The very act of writing is selfish and narcissistic. To put words to page and attempt to sell or publish such words is to say to the world "My imagination time is so gripping that you will want to read it!" I have largely come to peace with this part of the writing life. Periodic publication helps fortify my will to keep cranking out the words, and the occasional payment in exchange for my imagination time scribblings helps me see the writing as modestly valuable undertaking.
At the same time, I enjoy it too damn much. No matter how much time I put into the job hunt each day, when I sit down to start writing, I feel as though I am giving myself a reward that I have not earned. There's this tiny voice in my head shouting "What? You think 4 hours worth of job hunting, resume submitting, and follow up phone calls earns you some down time with your words? Do something productive!" So I job hunt some more, tackle a few more chores around the house, take my little girl to the park.
While out of work, I am running myself even more ragged than when I was working, and I'm not even getting the kind of writing done that I suspected I would. It's the kind of thing that makes an artist doubt their ability. If I was destined to be a Writer with the capital W, then I would be able to knock out 2 hours worth of job hunting, a couple hours of daddy-of-the-year time and then dedicate a meaningful chunk of time to making words happen.
Sure, the odds of my writing becoming a meaningful source of income are only slightly better than my chances of being able to retire off of a lottery ticket. And even then writers are not known for their easy access to great insurance benefits. All the same, John Steinbeck, David Sedaris, JK Rowling, and Quentin Tarantino all gained valuable traction in their creative work while unemployed.

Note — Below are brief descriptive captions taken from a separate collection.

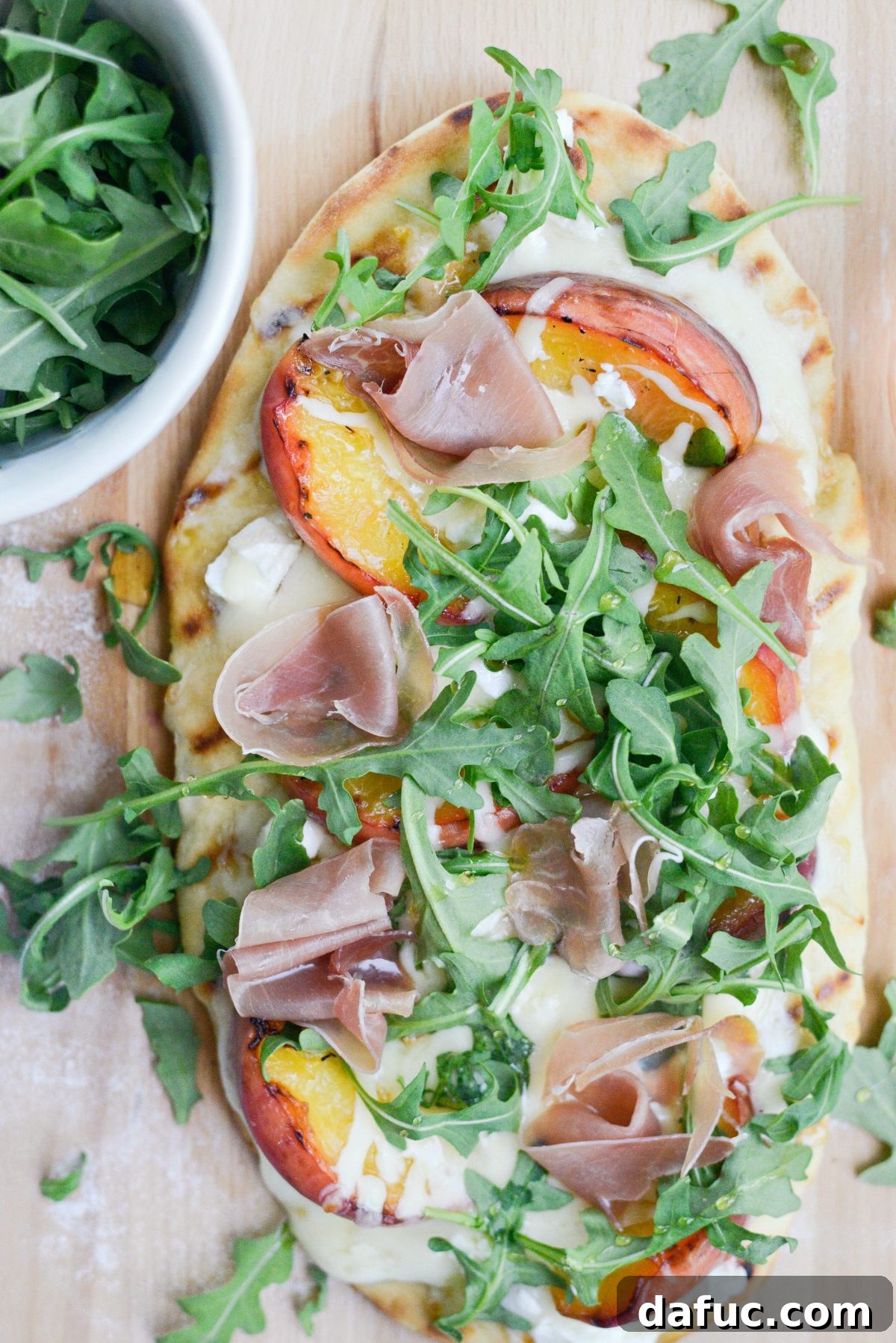Grilled flatbread with peaches, goat cheese, prosciutto, and arugula, being drizzled with honey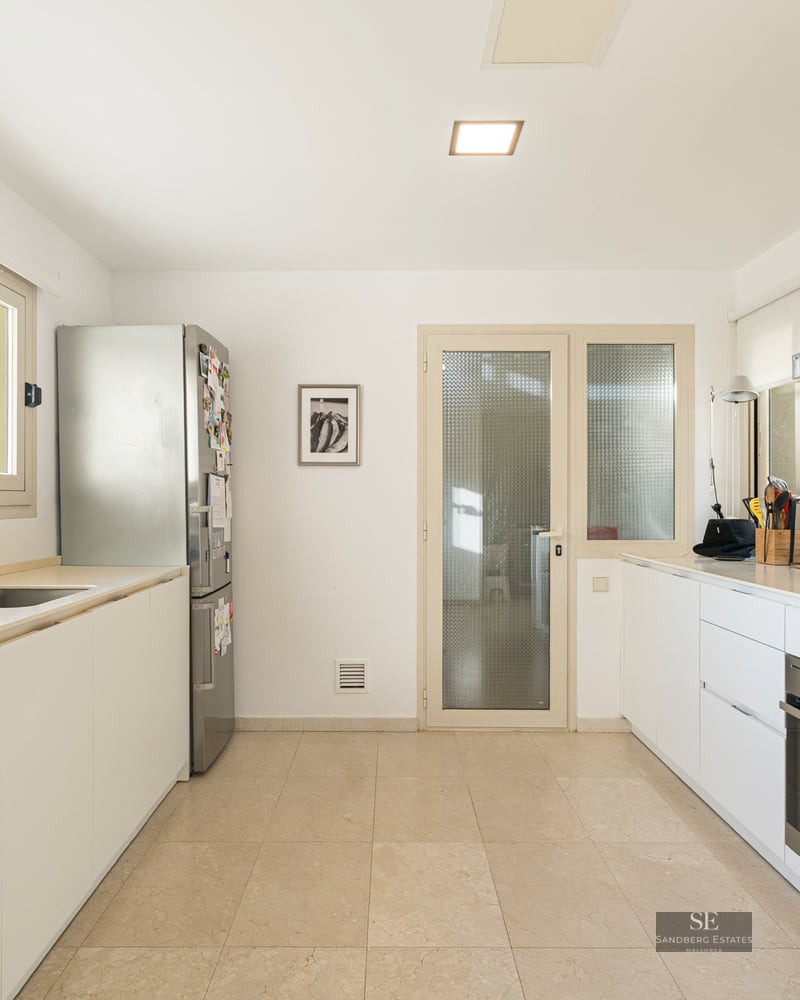 Bright kitchen with white cabinets, stainless steel fridge and oven, and a large window overlooking green trees.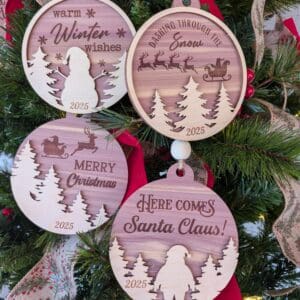Red Rooster Laser Arts Four large Woodland Christmas ornaments from the Pre-Finished Laser-Cut Collection hang on a decorated tree. Each set of 4 features festive 2025 engravings, red ribbons, and greenery in the background.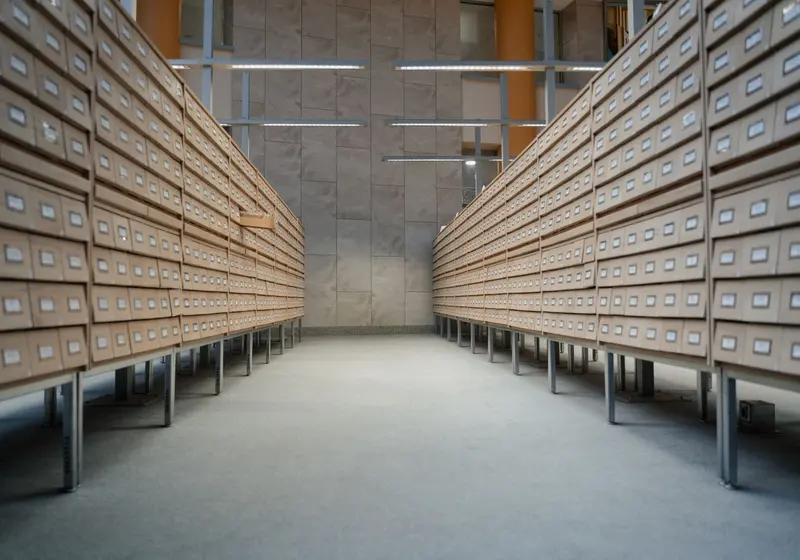 A long aisle of labelled wooden file drawers in a records room.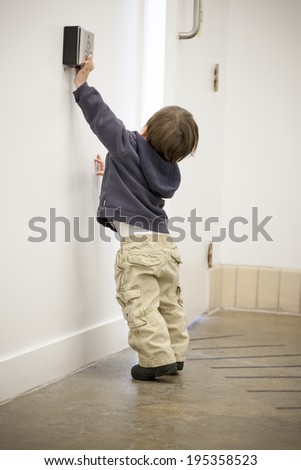 Boy using a card key to open a door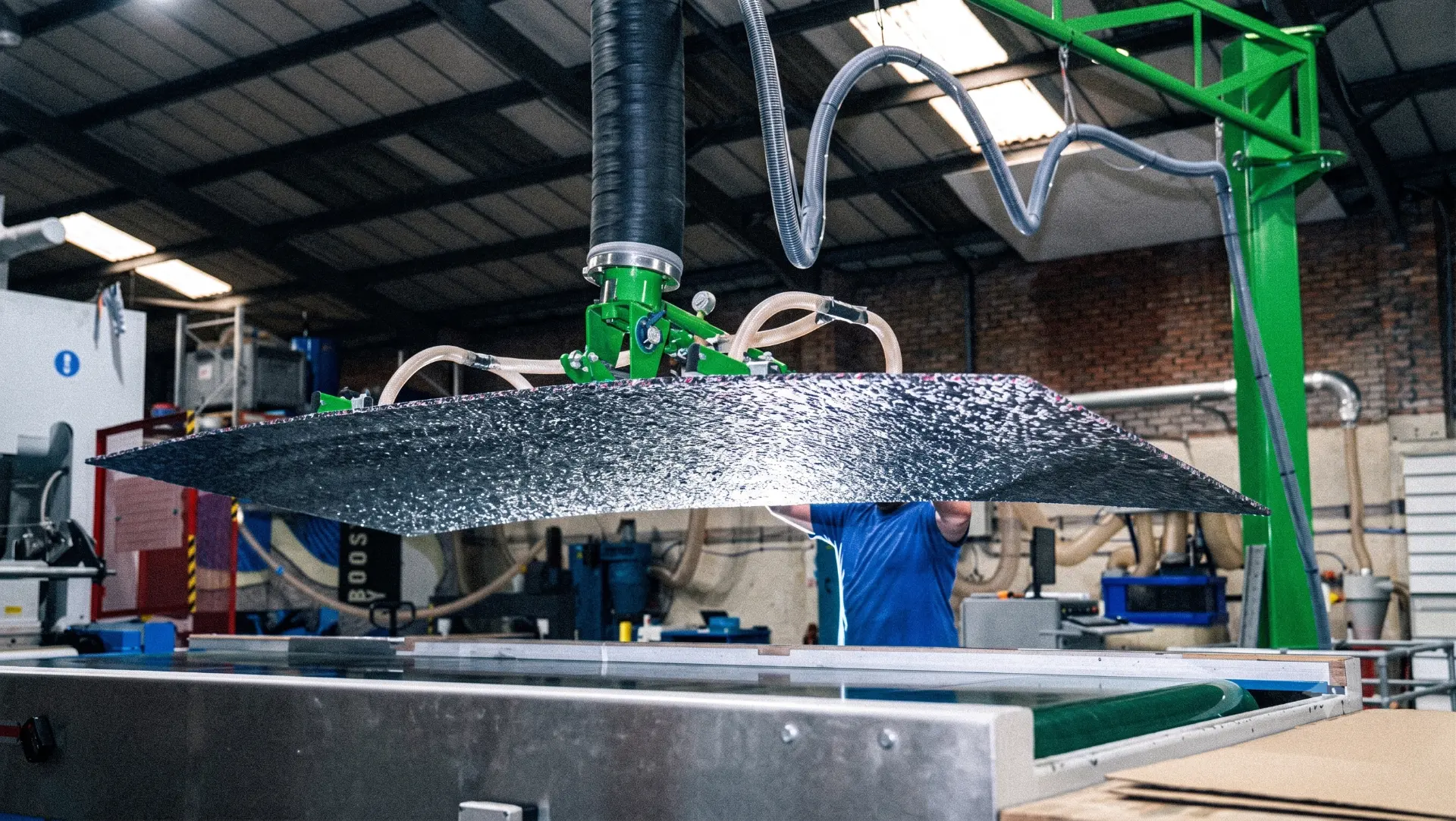 Sheet of recovered material held by a vacuum lifter above a processing bed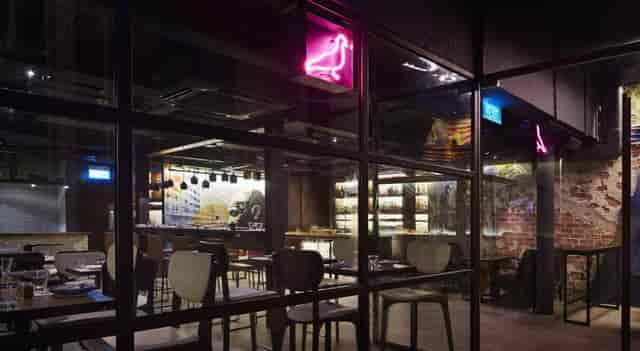 Modern Japanese restaurant with neon decor, ideal for corporate events and gatherings.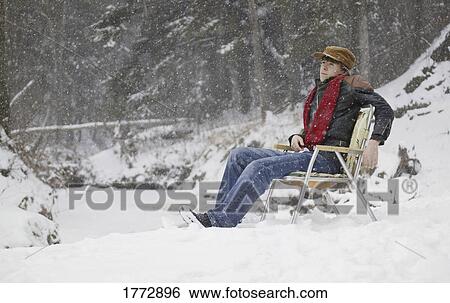 Stock Photograph - Man sitting on chair in snow. Fotosearch
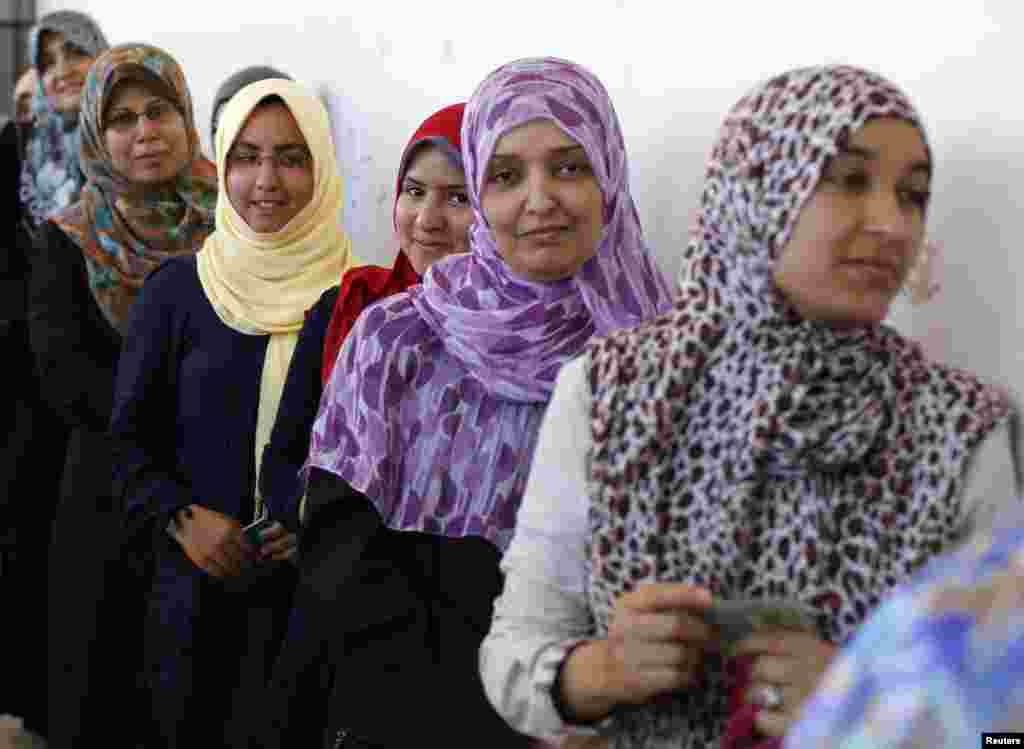 Women line up as they wait to cast their vote at a polling station in Tripoli July 7, 2012. Libyans began voting in their first free national election in 60 years on Saturday, a poll designed to shake off the legacy of Muammar Gaddafi but which risks bein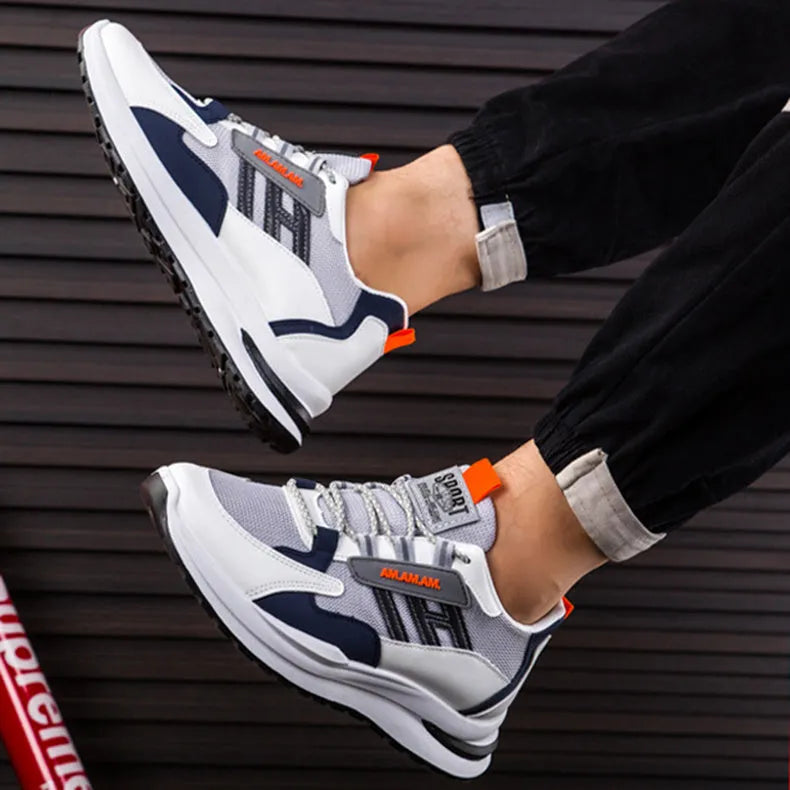 Men's sports sneakers in light grey or black with PU and mesh upper, front tie fastening, plastic sole, sizes 39-44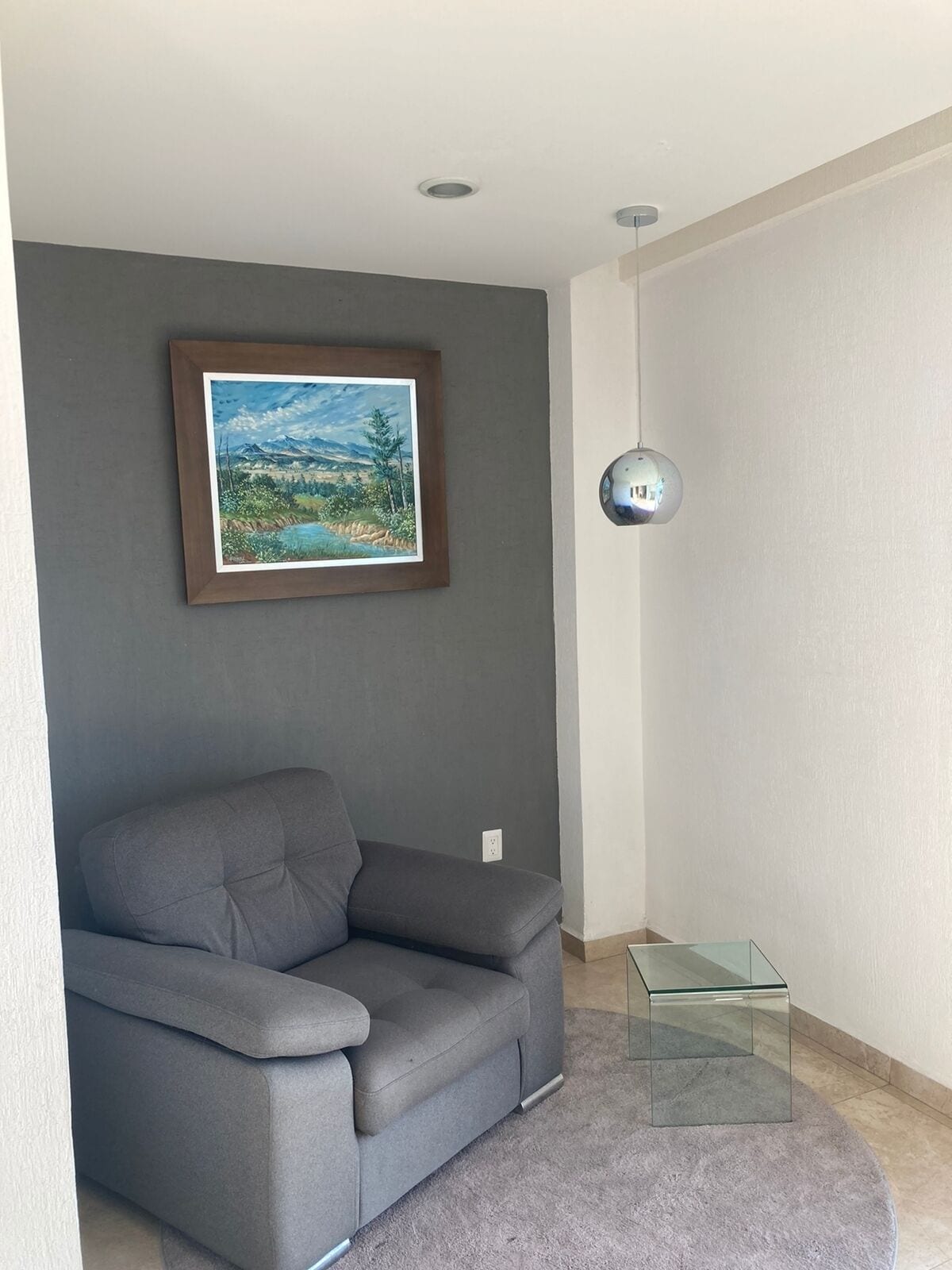 A modern living room with a grey sofa, a framed landscape painting, a glass coffee table, and a wall-mounted light fixture.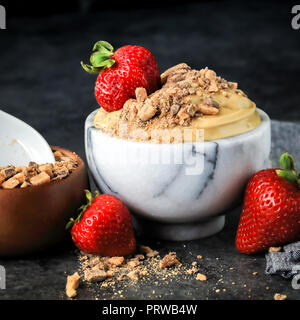 Cremige Schokolade English Toffee Frucht Dip mit 3 Zutaten - Frischkäse, mexikanische Vanille, brauner Zucker, in Bambus und Marmor Schüssel serviert. Stockfoto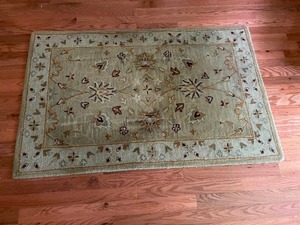 lot 142 image: Earth Tone Rectangular Area Rug w Floral Design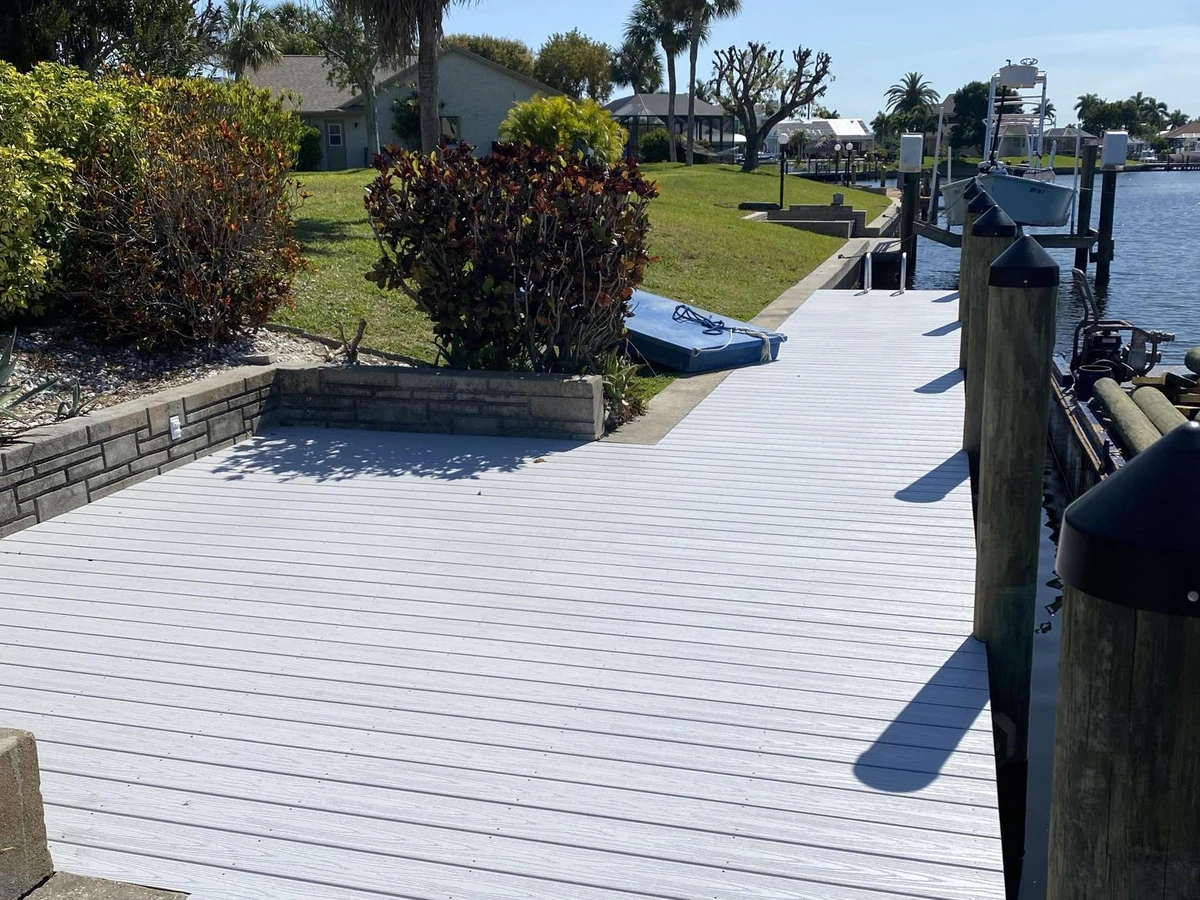 Cape Coral waterfront dock layout with boat lift beside a finished Top Notch Docks project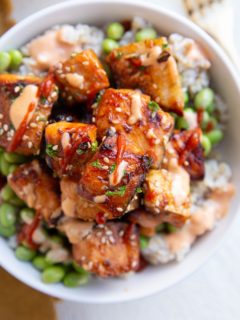 Air fryer salmon bites in a white bowl on top of steamed brown rice and edamame. A gold fork and napkin to the side.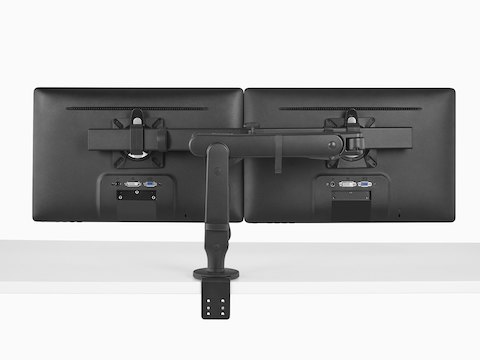 The back view of two monitors suspended from a black Ollin Monitor Arm, showing how the monitors are attached.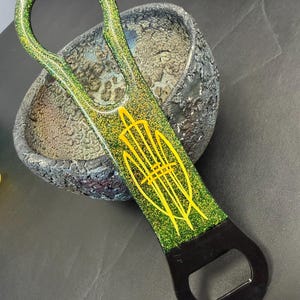 May include: A green and gold glitter bottle opener with a black opening. The opener has a yellow design on the handle. The opener is resting on a textured, gray bowl.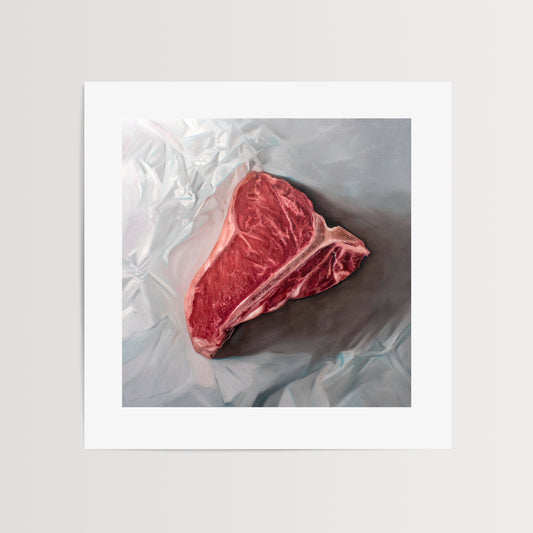 This artwork features a fresh t-bone resting upon a crinkled white wax paper sheet.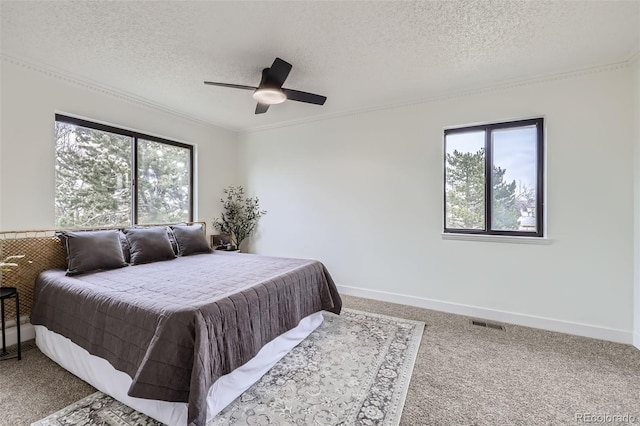 bedroom with baseboards, ceiling fan, a textured ceiling, and carpet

Time is a strange thing. Our most precious resource, and like any resource subject to all sorts of strange hang ups and neuroses. I have more time available to me now, but I feel it must be spent in the most valuable way possible. When I look at the way I prioritize what I do with this wealth of time, I start to worry. Do I no longer consider my own writing valuable? Sure, it has no significant cash value, but it never has. I've always been able to make the time to write without these horrible bouts of guilt. The fact is that a couple of hours of job hunting is really all that's required to sift through the new listing in my search radius.
So what's the point of this meandering blog post that will be read by no one? Beats me. Maybe I'm just talking through a rough patch of doubt and loathing. Maybe I'm hoping for some piece of advice or word of encouragement. Who the hell knows? With a little bit of luck, I'll find that I just needed to get this navel gazing nonsense out of my system. I'm going to go make a pot of coffee, put on some tunes, and try to get to work. I've got over 20 applications and resumes that have been sent out in the last 3 days. I've earned some imagination time.
And who knows, maybe the results will be worth having other people read. Only time will tell.